Exercise goal: Copy the lines below exactly, starting at the one with "Customer Experience Concept." and ending at the one with "engaged couple hugs", and leave out any picture.

Records for the exercise:
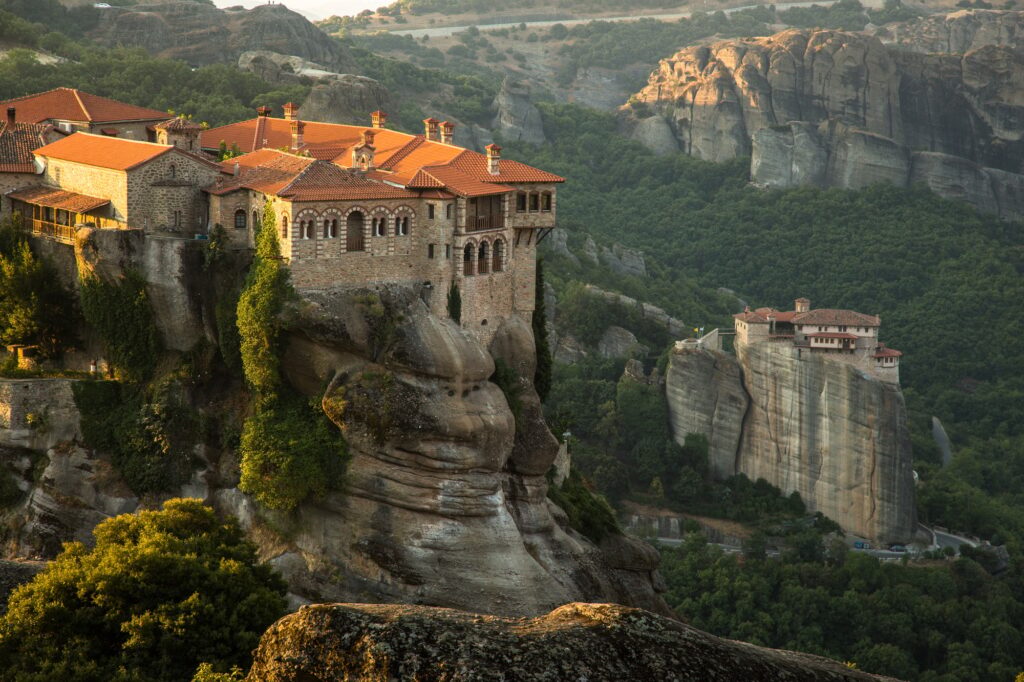 10 Extraordinary Monasteries You Must Explore 8 Meteora monasteries View on the Holy Monastery of Varlaam and Roussanou Monastery on background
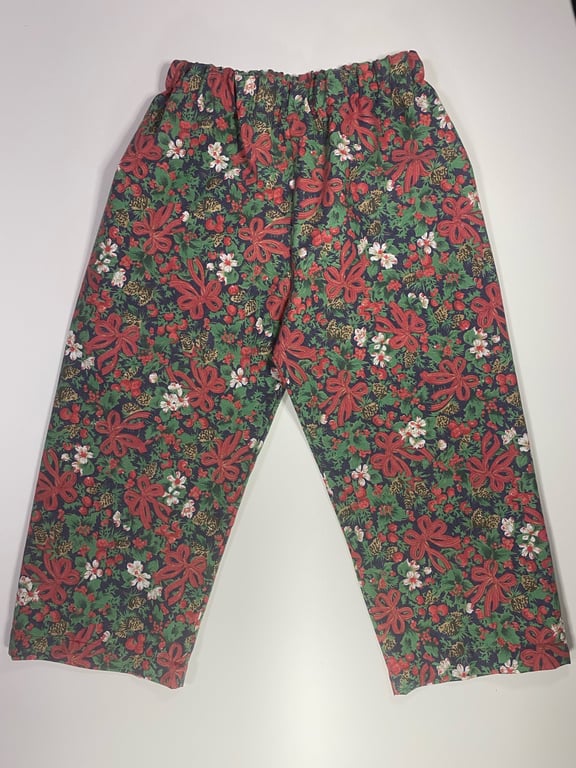 Bukser med elastik i taljen, pyntet med et mønster af grønne blade, røde blomster og hvide blomster.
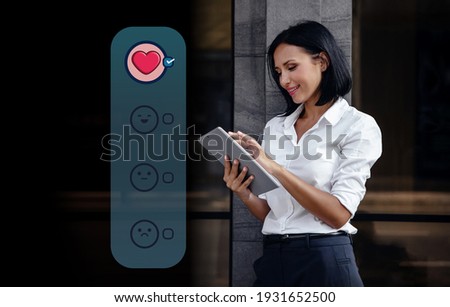 Customer Experience Concept. Happy Smiling Mixed Races Client Woman Feedback Excellent Positive Review via Tablet. Client Satisfaction Online Surveys Royalty-Free Stock Photo #1931652500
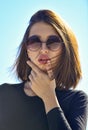 Female fashion model posing with sunglasses. Close-up portrait of a beautiful charming young attractive lady. Portrait Royalty Free Stock Photo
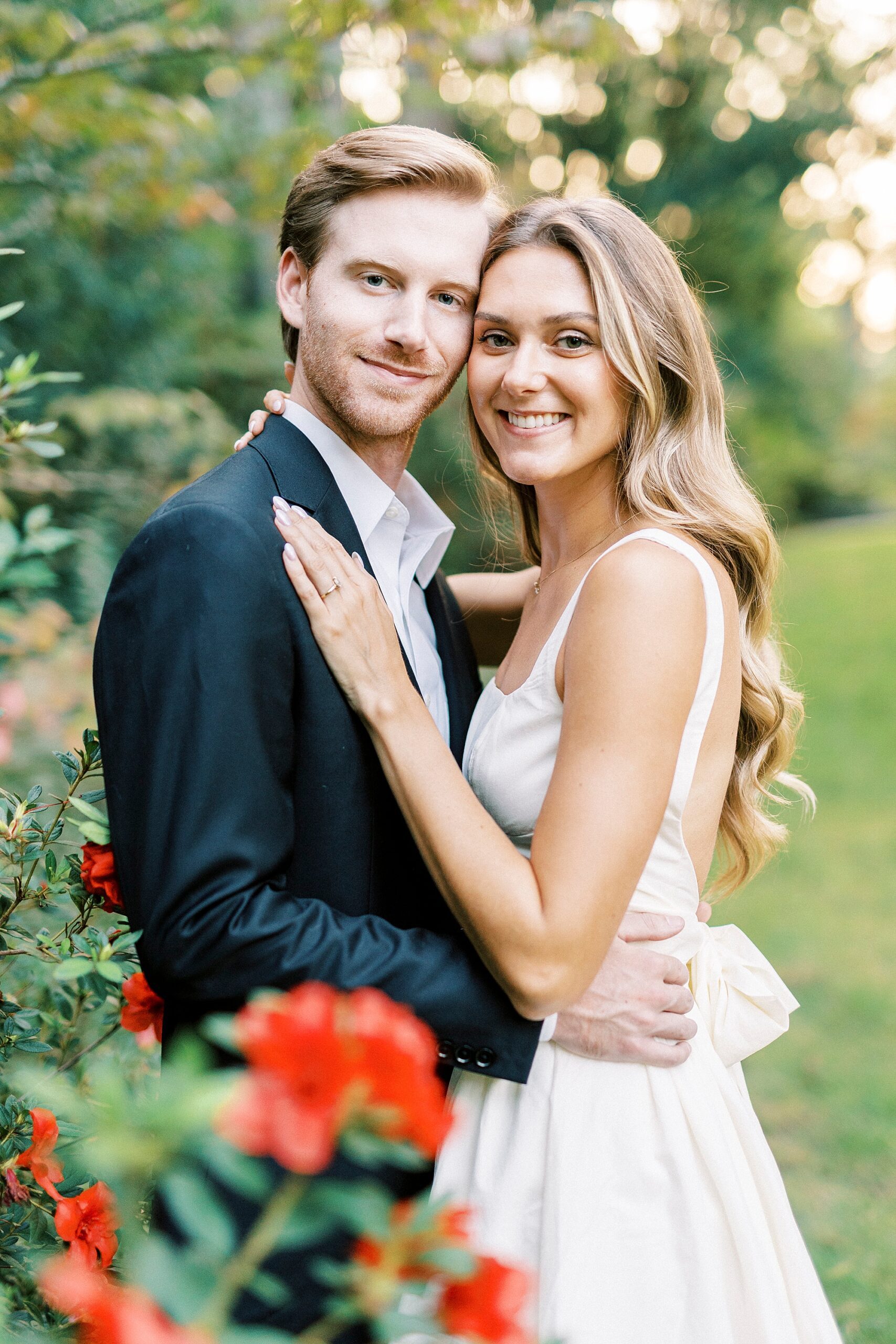 engaged couple hugs by red flowers inside Glencairn Garden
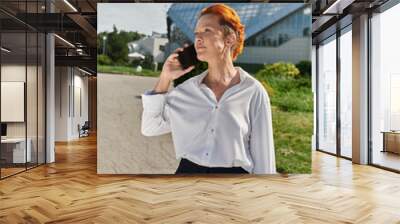 A woman in a white shirt talks on the phone while holding a blue folder on a college campus. Wall mural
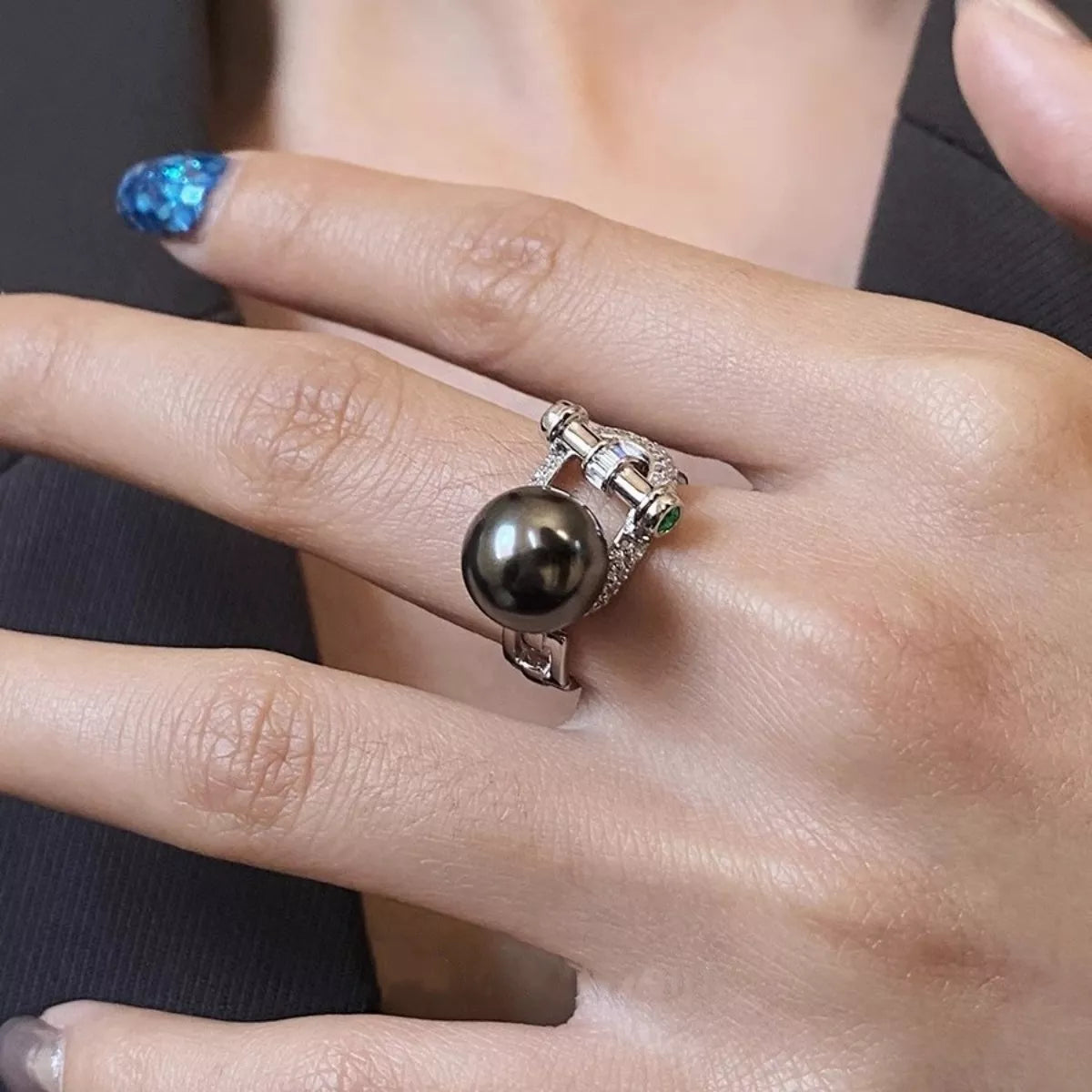 Sterling silver zircon pearl ring featuring a lustrous pearl and sparkling zircon stones, designed for elegant jewelry wear.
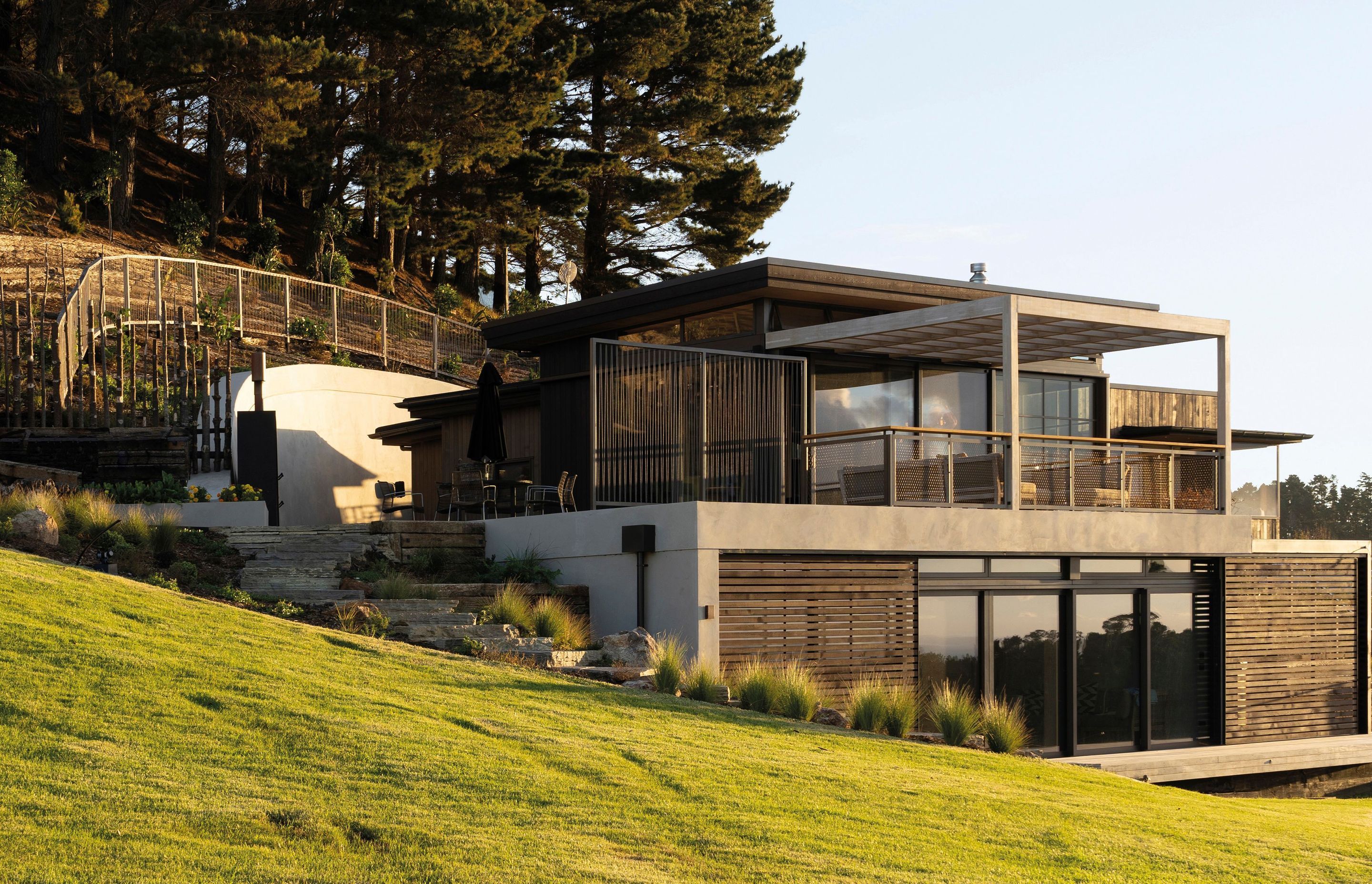 The Onetapu home emerges from the landscape, almost as though it were part of the land itself.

Exercise result:
 Customer Experience Concept. Happy Smiling Mixed Races Client Woman Feedback Excellent Positive Review via Tablet. Client Satisfaction Online Surveys Royalty-Free Stock Photo #1931652500
 Female fashion model posing with sunglasses. Close-up portrait of a beautiful charming young attractive lady. Portrait Royalty Free Stock Photo
 engaged couple hugs by red flowers inside Glencairn Garden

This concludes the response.